I laughed at this line in the article:

"The iPhone does everything the iPod did and more, and has served as an iPod replacement since its debut."

Well, yeah, no, not anymore. The iPod actually still has a headphone jack.

I no longer consider my iPhone (I have the 8 Plus) a music player. It works about 80% of the time (since I usually use wireless), but I still on many occasions find myself trying to plug in an audio cable or wired headphones and going... "oh, yeah, that's right..."

iPhone is no longer a fully functional music player -- unless you have a clumsy dongle that I almost never have with me and that degrades the "three-in-one" aspect of the device Steve Jobs heralded when iPhone was introduced. It's a very un-Apple like experience with that horrid dongle.

Steve Jobs mocked other phones for having styluses, noting that it's something to lose and to have to fumble with. That's how I feel about the dongle, only worse, because at least my Treo had a slot for its stylus -- no such home for the dongle on the iPhone, and no wonder, because it would be rather stupid to have a place for a dongle when you could just use the space for the headphone jack.

The iPhone is no longer what it was when Steve Jobs introduced it in 2007 as a three-in-one device. It is still a phone and an "internet communication device", but it's now a crippled iPod -- all so Apple can feed the ridiculous, unnecessary obsession with ultra-thinness (my 6s Plus was fine and had a headphone jack).

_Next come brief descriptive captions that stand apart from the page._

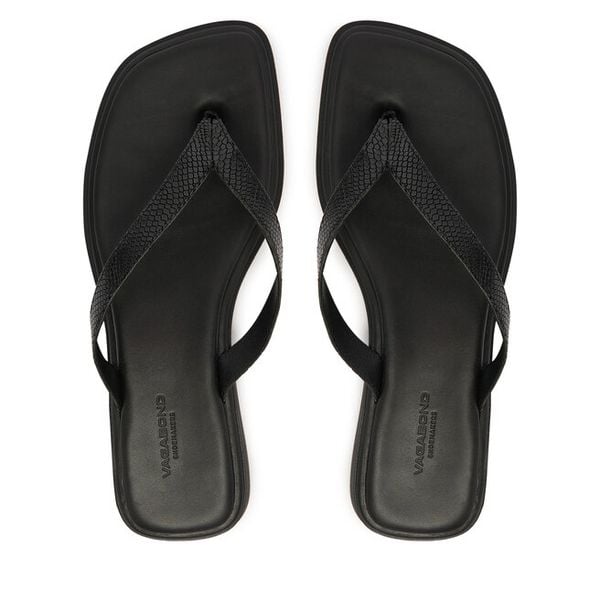 Japonki Vagabond Shoemakers. Czarne klapki Vagabond Shoemakers, bez wzorów, bez obcasa. Za 369,99 zł.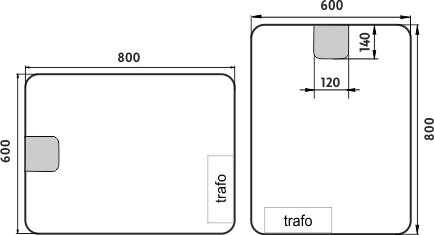 LED zrcadlo ZP20002 60x80 cm
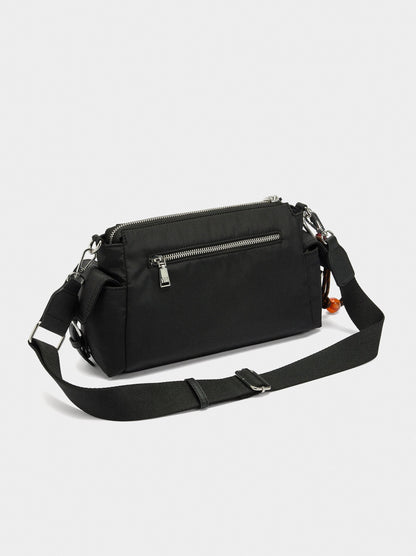 Nylon Crossbody Bag With Pendant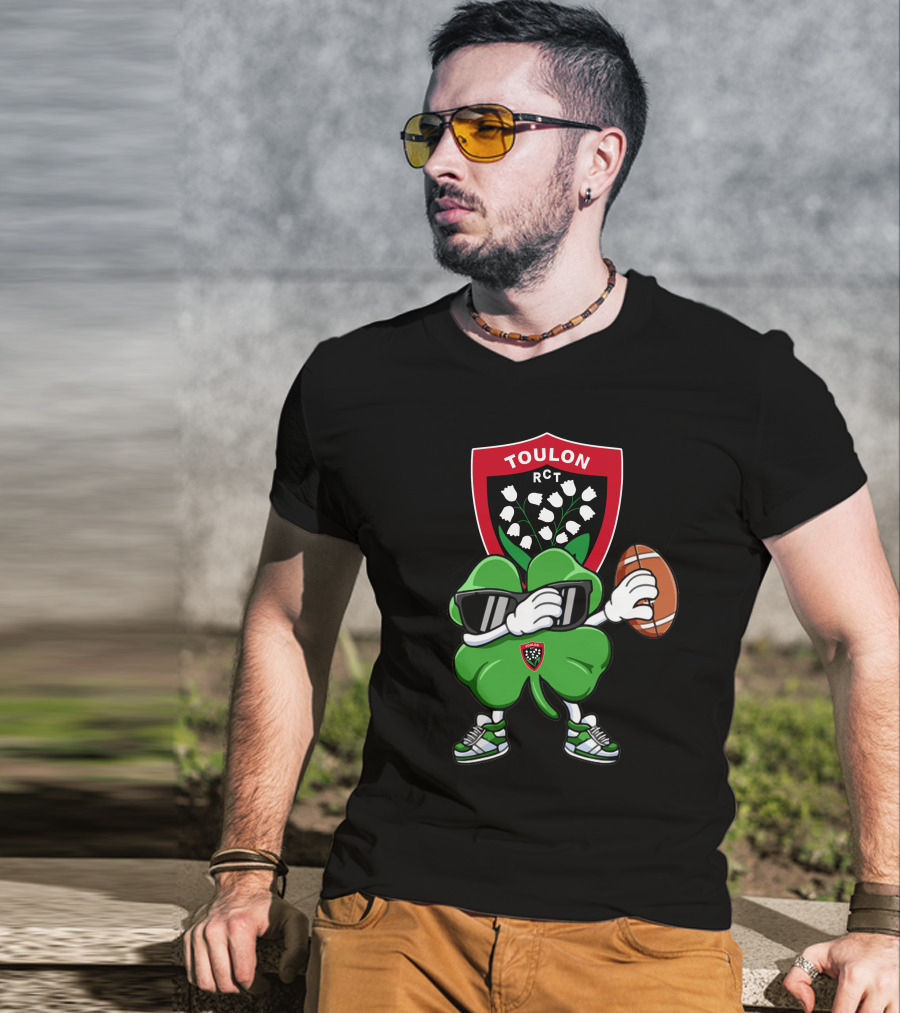 Toulon RCT Rugby Clover Shield T-Shirt
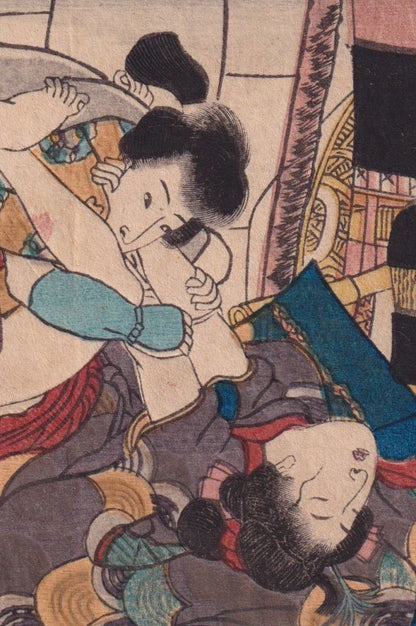 L'élan partagé - estampe japonaise shunga (érotique)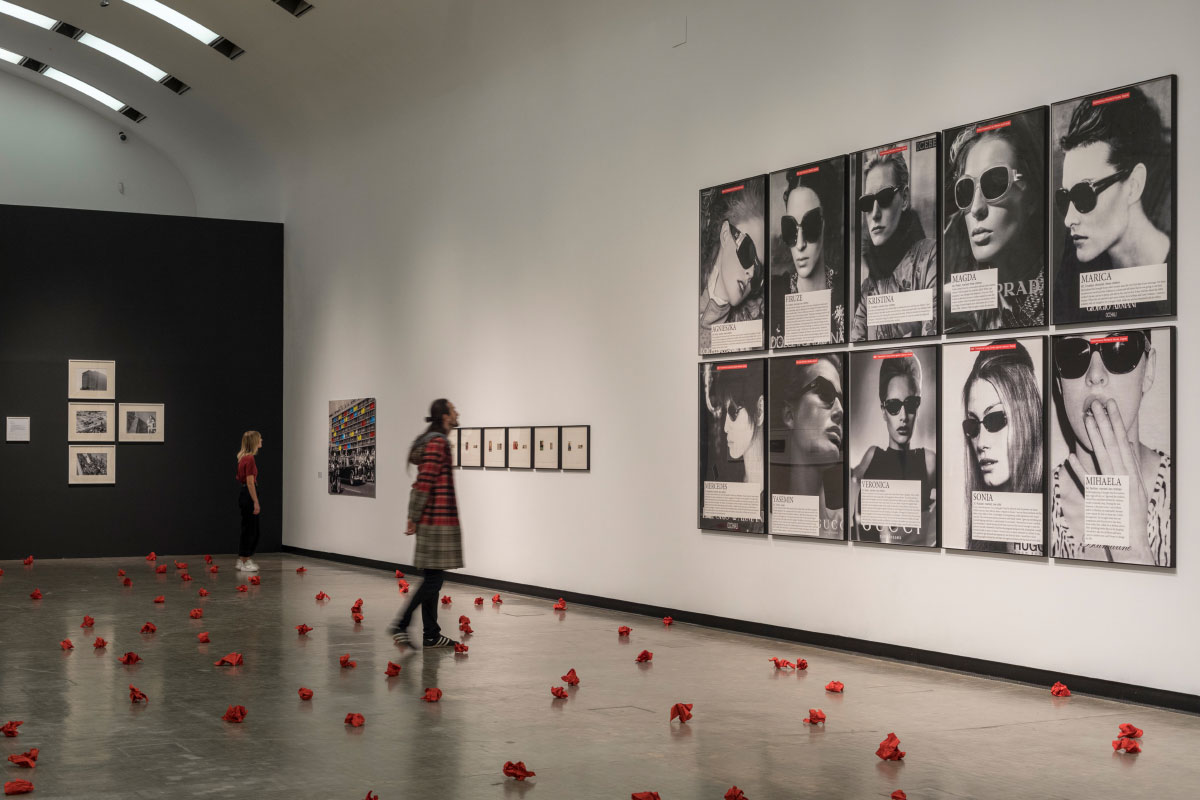 Installation view: Sanja Iveković. Works of Heart (1974–2022), Kunsthalle Wien 2022, photo: Boris Cvjetanović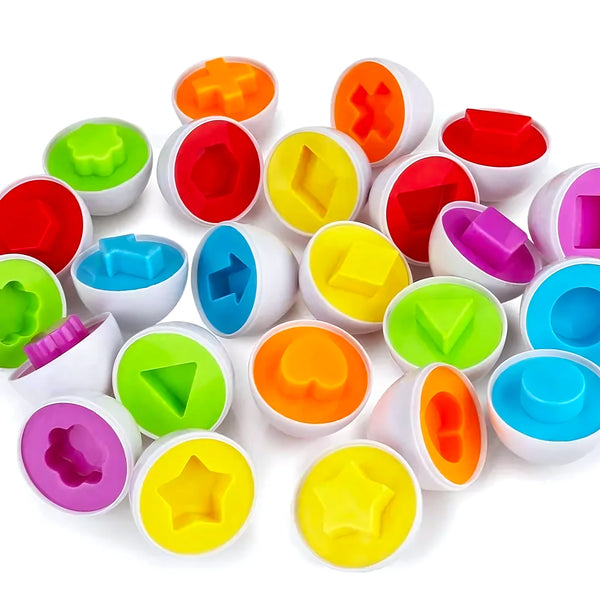 Juego Encaje Huevos Educativos 12 - Varietas Chile - Santiago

You weren't aware that the iPhone 8 didn't have a headphone jack, before spending your $1000? And didn't discover it missing until after the return period?
 
The product that started Apple rebirth on a big scale.
My first iPod was 2004 iPod photo (I believe that was 5th gen.)
 
I had all of the main line iPods (not Nano’s or Mini’s and just one iPod Touch.)
But the one I’ve kept and the one I actually still use is the iPod Photo, still a great device and still, IMO, one of the better sounding iPods.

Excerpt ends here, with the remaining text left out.